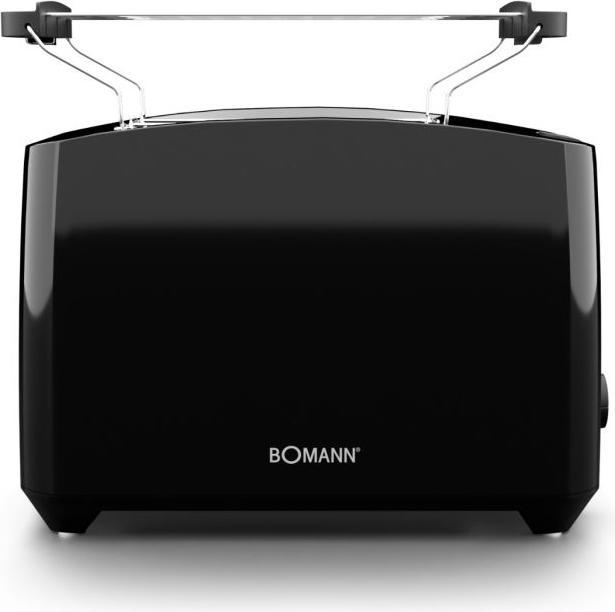 Produktbild Bomann TA 6065 CB Toaster schwarz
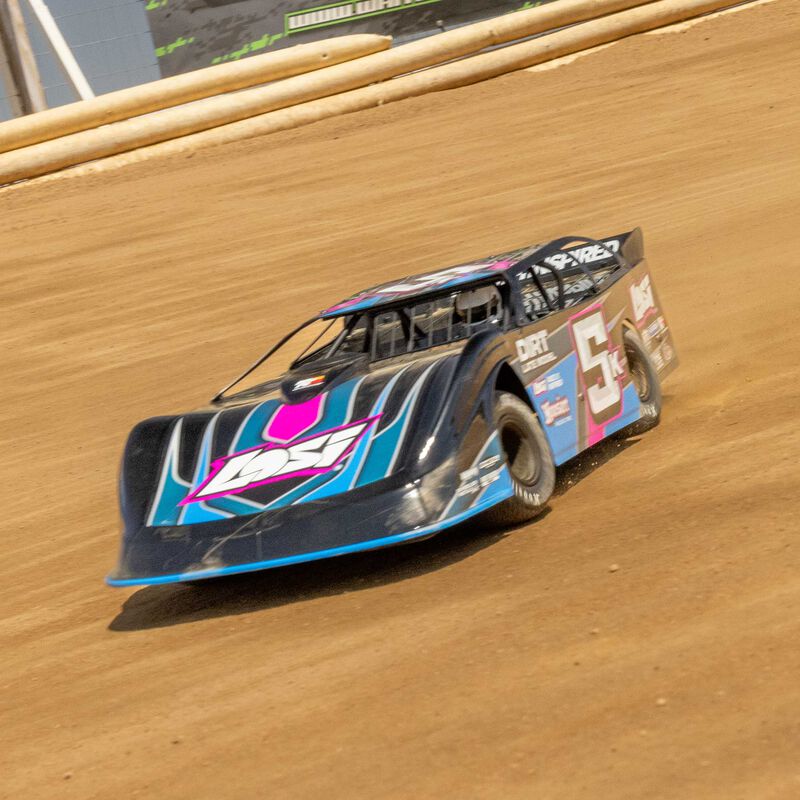 Losi 22S Dirt Late Model Dirt Oval RTR Blue 1/10 - LOS2167T1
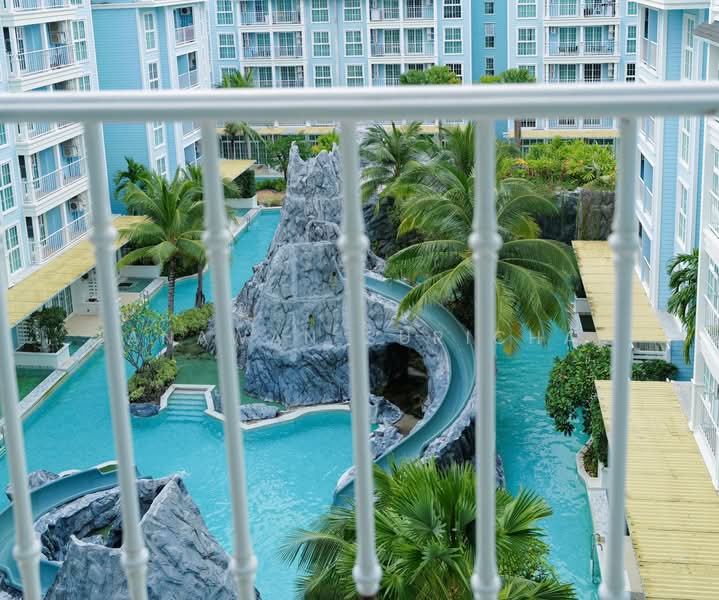 Grand Florida Beachfront, Chon Buri (Pattaya), Soi NaJomtien 14, Na Chom Thian, Sattahip, Chon Buri (Pattaya), 1 Bedroom, 36 sqm, Condo For Rent, by Tanawan Surichai, 500268400 - DDproperty.com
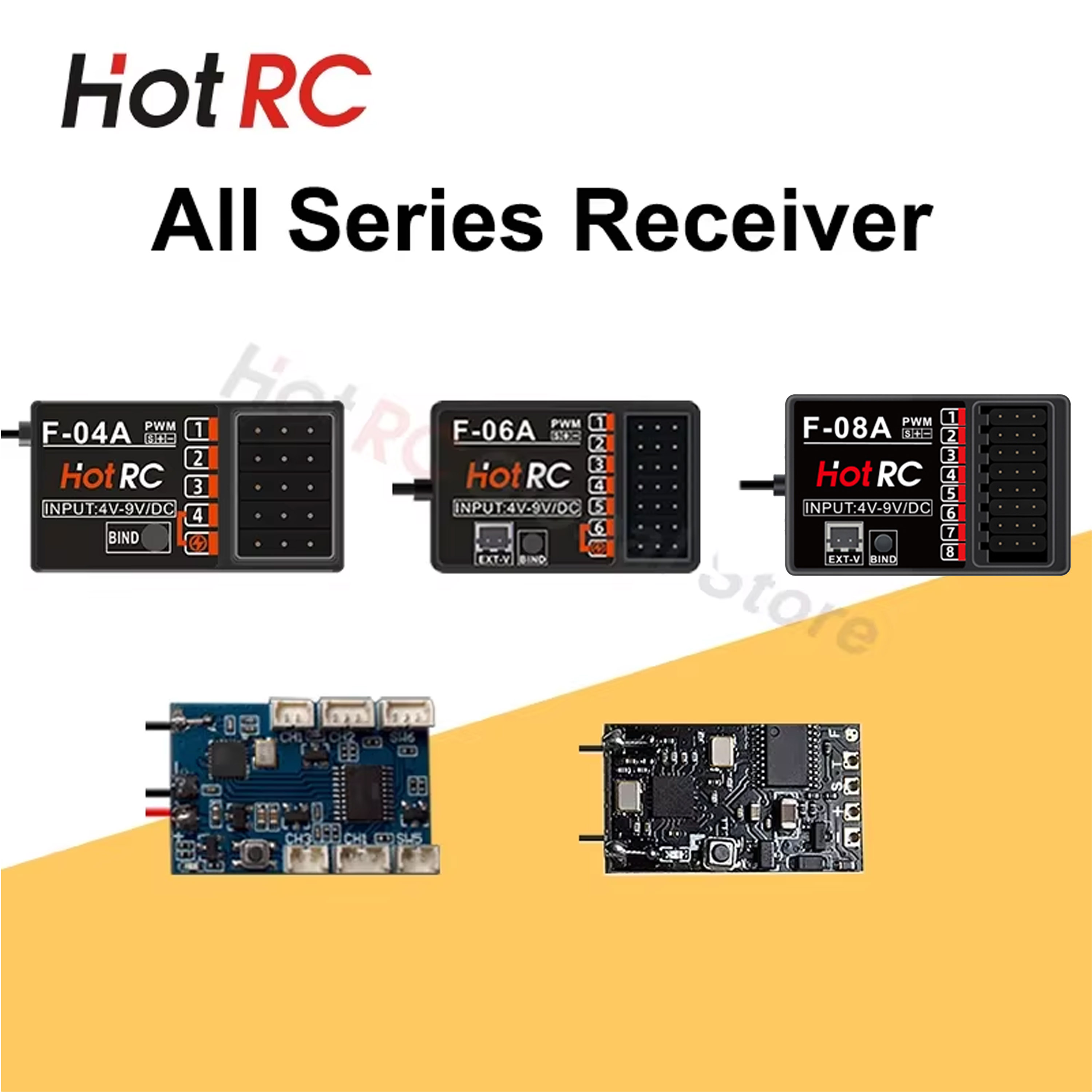HOTRC RC Model Parts 8 Channel - Rc Hobby Room 评论和价格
..............................
Action item. Give all the lines above again, character for character, without pictures.

Completed task.
 Produktbild Bomann TA 6065 CB Toaster schwarz
 Losi 22S Dirt Late Model Dirt Oval RTR Blue 1/10 - LOS2167T1
 Grand Florida Beachfront, Chon Buri (Pattaya), Soi NaJomtien 14, Na Chom Thian, Sattahip, Chon Buri (Pattaya), 1 Bedroom, 36 sqm, Condo For Rent, by Tanawan Surichai, 500268400 - DDproperty.com
HOTRC RC Model Parts 8 Channel - Rc Hobby Room 评论和价格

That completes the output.